Atmosphere Editorial



ELIZABETH DOWDESWELL

United Nations Under-Secretary General
and Executive Director, UNEP





Dowdeswell

With all the inevitability of a ticking clock reaching its appointed hour, so the signal of climate change has sounded its arrival. The hundreds of climate scientists involved in the preparation of the science assessment part of the new Intergovernmental Panel on Climate Change (IPCC) report agreed that 'The balance of evidence suggests a discernible human influence on global climate'. This statement, contained in the second IPCC Assessment and adopted in Rome in December 1995, is perhaps the most dramatic and far reaching statement in the most authoritative description of present and future climates, and the consequences and costs of climate change ever made. Although widely anticipated - after all, predictions of greenhouse gas induced climate change have been around for 20 years - the brief unambiguous statement induces shock. We are embarking upon uncharted waters where the balance of uncertainty has switched from not whether climate change will occur, but towards what may happen as the change progresses towards irreversibility. There is no sense of satisfaction among climate scientists being proved right after enduring years of vitriolic attack by the pro-carbon lobby. There is a sadness in the realization that we have again demonstrated a misuse of our environment beyond nature's capacity to absorb or repair. We are nevertheless thankful that there is a mechanism capable of giving us early warning of the consequence of our folly and a process established with the potential to slow environmental change and confine it within the boundaries beyond which catastrophic consequences result.



Reviewing achievements

The United Nations' 50th anniversary has presented an opportunity for governments to review its achievements and to reflect on its future. There are some that would charge that the United Nations is a dream unfulfilled, and an expensive and inefficient anachronism. Wiser heads acknowledge that, despite its faults, if the United Nations did not exist then it would be necessary to invent it. Nowhere is the truth more apparent than in the international campaign to protect the atmosphere. Investigations of potential ozone destruction by synthetic compounds or the building of a figurative global greenhouse through processes that have provided us with the benefits of the industrial revolution may well have been abandoned on the pages of the scientific journals in which they were first revealed, if it were not for a mechanism that could draw international attention to the risks and galvanize international action to address the issues and resolve the problems. There can be few who could realistically contest that there exists an appropriate alternative to the United Nations driven process that has coordinated international efforts against global problems. While some deplore what they perceive as inertia in the bureaucracy of the United Nations there are others that welcome the dynamism of the specialized agencies that can direct specialized international talent in pursuit of global problem solving.



United Nations action

Let me just identify what has been put in place in the United Nations to deal exclusively with what was until now a theoretical climate problem. With regard to research, there is a World Climate Programme led by the World Meteorological Organization (WMO) and jointly coordinated by six United Nations specialized bodies, including UNEP and the International Council of Scientific Unions (ICSU).

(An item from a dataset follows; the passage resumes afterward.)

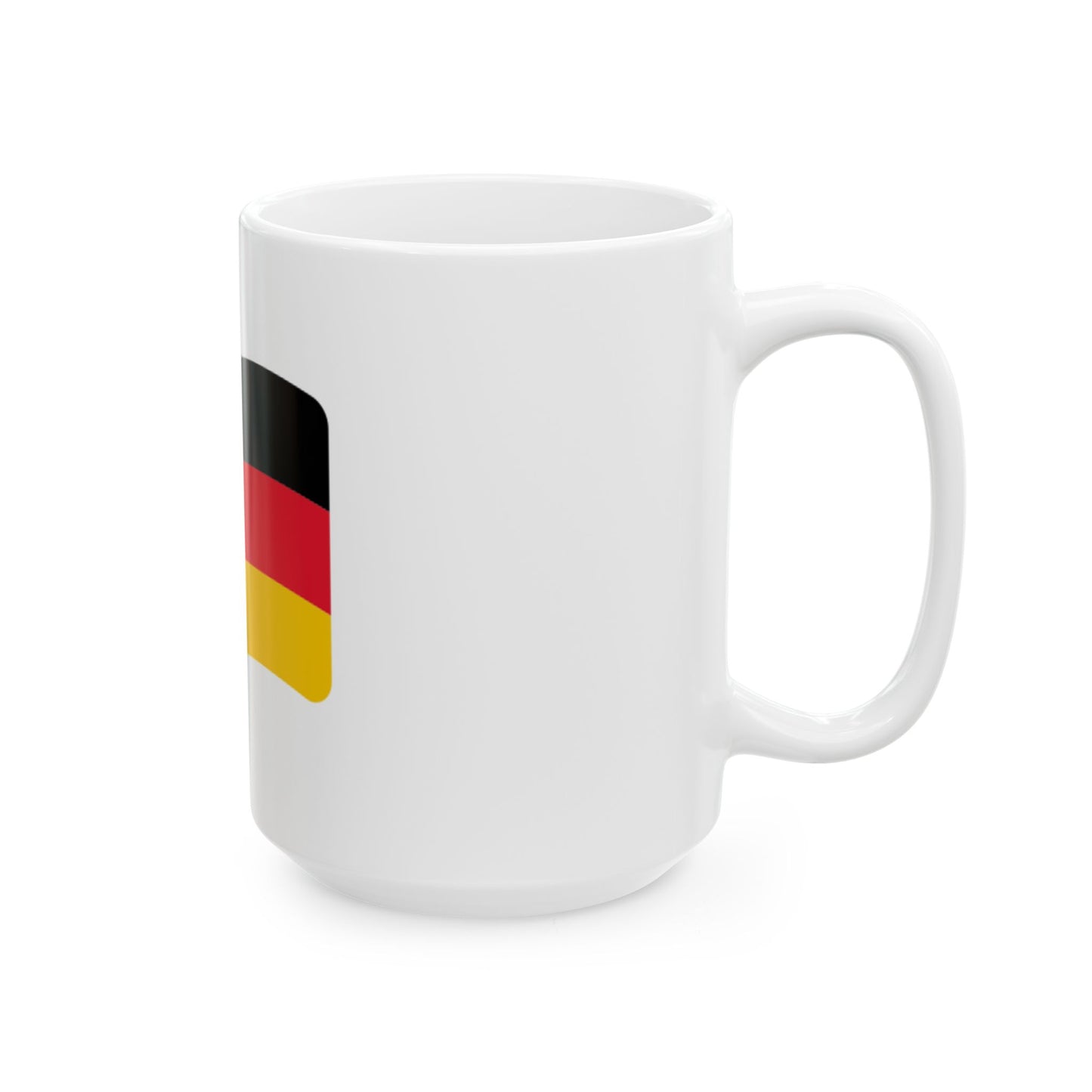 Iconol flag Germany (Germany) White Coffee Mug-Go Mug Yourself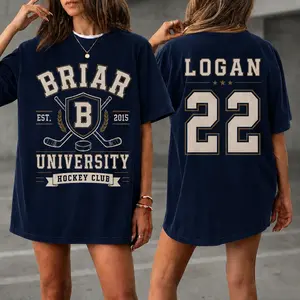 Briar U Hockey Club Gildan T-Shirt, Vintage College Hockey Tee, Book Lover Sports T-Shirt, Unisex Heavy Tee, Campus Hockey, Briar U Tshirt, University Hockey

The World Climate Programme coordinates internationally national climate research, climate applications and services, observations, and climate impact and response strategy assessment. In order to broaden the constituency further the United Nations has adopted the Climate Agenda, referred to in the article by Professor Obasi, which brings together all international climate related programmes in an integrated manner.

Since 1980 UNEP, WMO and ICSU have arranged and published assessments of climate change based on World Climate Programme generated science. In 1988, this assessment process was formalized through the creation by UNEP and WMO of the IPCC.

The signing in Rio, and subsequent adoption, of the Framework Convention on Climate Change has provided the instrument through which the international community can respond to the climate-related research results, and their analysis by the IPCC, by identifying the necessary international response that bypasses political divisions, overcomes economic disparities and compensates for technical deficiencies inherent in a world at different stages of development. There is no panic reaction to an unexpected threat but instead a measured, economically viable response by a partnership of nations, impossible to achieve without the United Nations.



Protecting the ozone layer

The potentially lethal destruction of the ozone layer was averted by a similar process in which UNEP played a pivotal role. Where might we be without the singular success of the Vienna Convention, its Montreal Protocol and the international process that led the development and implementation of the treaties? Again in December in Vienna, UNEP had the opportunity to honour some of those who were prominent in the programme to save the ozone layer. Invisible but palpably present on the roll of honour is the United Nations which through UNEP and others was able to effect this success. Those who would classify the United Nations system as redundant might usefully reflect on the international protection of the atmosphere as a process that works. The IPCC notes that future climate changes may also involve surprises. For ozone the surprise was an immense hole over Antarctica. We would not wish to confront a climate catastrophe of that magnitude. Appropriate action through the United Nations Framework Convention on Climate Change may avert any risk, but should one occur it is comforting to think that, under the auspices of the United Nations, there exists a vigilant, rapid reaction force to recognize and recommend how we deal with disaster.